I did a huge rebuild of my room and treated it extensively
Heres a pic




 

DonH50

Member Sponsor & WBF Technical Expert
Jun 23, 2010
3,523
2
38
Monument, CO
#3
Books by F. Alton Everest and Floyd Toole are worth reading regarding room design and treatments. Ethan Winer's book and website (www.realtraps.com), Nyal's site, and various other WBF members have a lot of info to share. Also maybe some of the noise control sites like Kinetics Noise Control (http://www.kineticsnoise.com/) and Mason (http://www.masonacoustics.com/) for info about construction techniques and acoustic treatments (or their counterparts in your area). Finally, consider a separate HVAC system, like a Mitsubishi or Fujitsu mini-split unit to isolate the room from the house ducts and give you better control over how (e.g. how quietly) it operates.

HTH - Don
 

Bruce B

WBF Founding Member, Pro Audio Production Member
Apr 26, 2010
6,558
3
38
Seattle, WA
www.pugetsoundstudios.com
#4
Books by F. Alton Everest and Floyd Toole are worth reading regarding room design and treatments. Ethan Winer's book and website (www.realtraps.com), Nyal's site, and various other WBF members have a lot of info to share. Also maybe some of the noise control sites like Kinetics Noise Control (http://www.kineticsnoise.com/) and Mason (http://www.masonacoustics.com/) for info about construction techniques and acoustic treatments (or their counterparts in your area). Finally, consider a separate HVAC system, like a Mitsubishi or Fujitsu mini-split unit to isolate the room from the house ducts and give you better control over how (e.g. how quietly) it operates.

HTH - Don
+1... this is so true. I did my research for about a year or so and incorporated Kinetics Noise Control and ASC products into my build. Also look into Zero International for Doors/Windows.
If you want some type of sound isolation/resistance from the rest of the house/world, pretend you are building a big aquarium. Remember if water can escape, so can sound. Don't forget about sealing up light fixtures and electrical boxes where sound can escape/enter. Also, mass and air space are your friend as well as symmetry. No matter how large you build, seems one always runs out of space!
 

DonH50

Member Sponsor & WBF Technical Expert
Jun 23, 2010
3,523
2
38
Monument, CO
#5
Yup. I used Kinetics IsoMax clips and sealed all outlets and wire feedthroughs in my media room with acoustic putty (fancy caulk). I used a heavy exterior door with full weather seals and it is fine for my house. I helped a friend with a studio build and the studio doors were insanely expensive, like $20k USD, but that is a studio. The exterior door trick may not work if you live in a loud area or want the absolute lowest noise floor; double doors (inner and outer) or studio doors are needed then.

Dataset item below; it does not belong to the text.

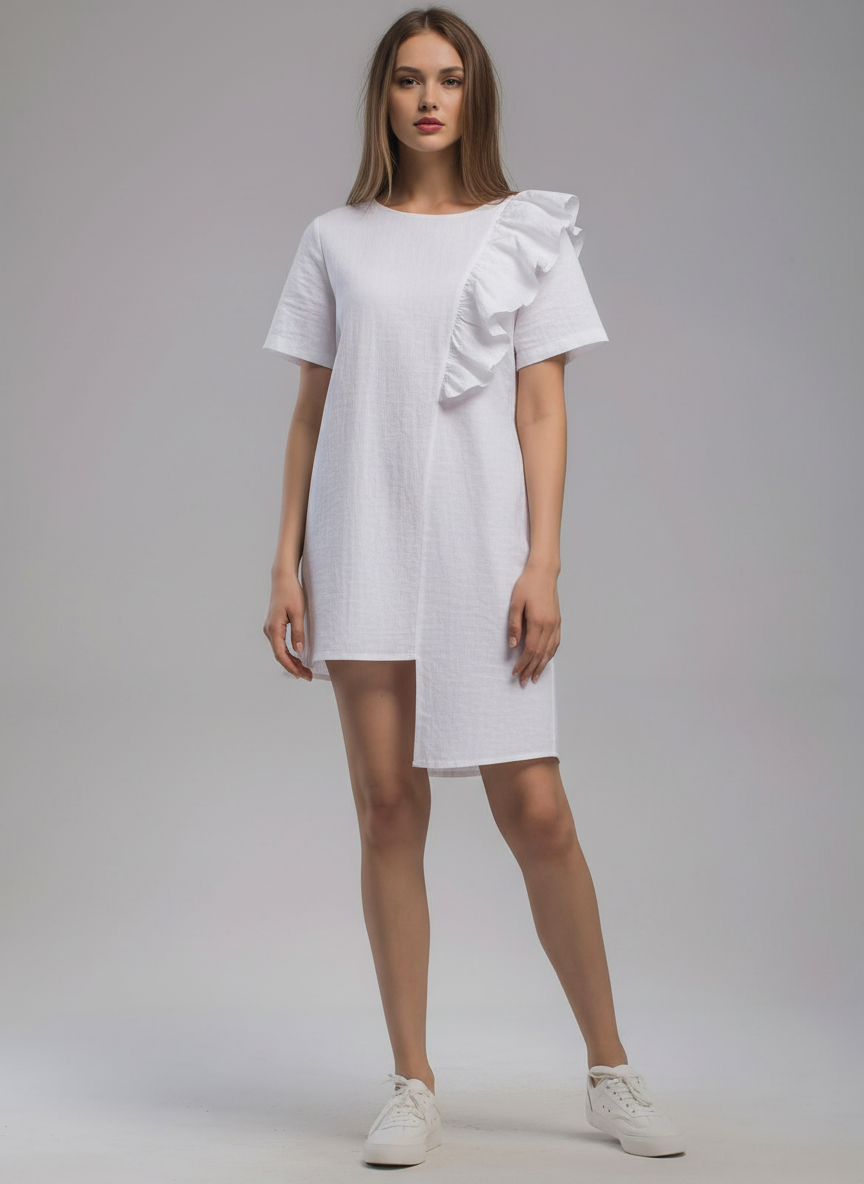 Short & Long Asymmetric Hem Dress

You'll want some sort of outside ventilation (required by code in my area but needed no matter where you are to get fresh air into the room; minisplits only recirculate, most them). Again if the outside is loud you'll have to build special ducting and noise filters for the outside air paths (inlet and outlet).

The only issue with my media room is that I did not fully float the ceiling; it is suspended from clips. Heavy footfalls above do transmit down through the structure. If I had been able to fully float it, or perhaps had more ability to monitor and direct the construction so the clips were better isolated, that would not be an issue. They are muted enough that it does not matter, and besides the kitchen is above so except for a snack now and then nobody is up there in the evenings anyway. My son's bedroom is on the other side of the wall and you can barely hear the media room when it is cranked.

Probably worth re-iterating that isolation and room acoustic treatments are different in concept and implementation. A good listening space will have both.

Don't forget room dimensions in your planning. My nice primed dimensions lost out when we added another bedroom downstairs (which also took away about 1/3 of my media room's volume for bedroom and hallway to get to it). Prime or golden rations work much better than having any dimensions that are multiples of each other. A cube is horrible acoustically.
 

Brucemck2

Member Sponsor
May 10, 2010
240
0
0
Houston area
#6
While it's not an exact match, it's worth reading the three stickies below on AVS Forum on the Dedicated Theater Design and Construction board:
http://www.avsforum.com/forum/19-dedicated-theater-design-construction/

Acoustical Treatments Master Thread
What I'd Do Differently Next Time Thread
Soundproofing Master Thread

Having a nice quiet symmetrical room, with great (quiet) ventilation and lighting, etc. is a big part of the overall enjoyment equation, and that's not much different for home theaters than for home stereo.

Professional assistance is highly recommended; you'll avoid mistakes and learn a lot.
 

Bruce B

WBF Founding Member, Pro Audio Production Member
Apr 26, 2010
6,558
3
38
Seattle, WA
www.pugetsoundstudios.com
#7
Depending on your build, you'll lose about 1/4 - 1/3rd the cubic volume in bass trapping if you integrate it into the design (soffits, triangulated corners, false walls).

Green Glue is your friend. Try to use screws with everything. No nails (except trim pieces)! I have communicating doors going to the outside. The doors are solid core and use Zero International seals, cam-lift hinges and drop-in thresholds.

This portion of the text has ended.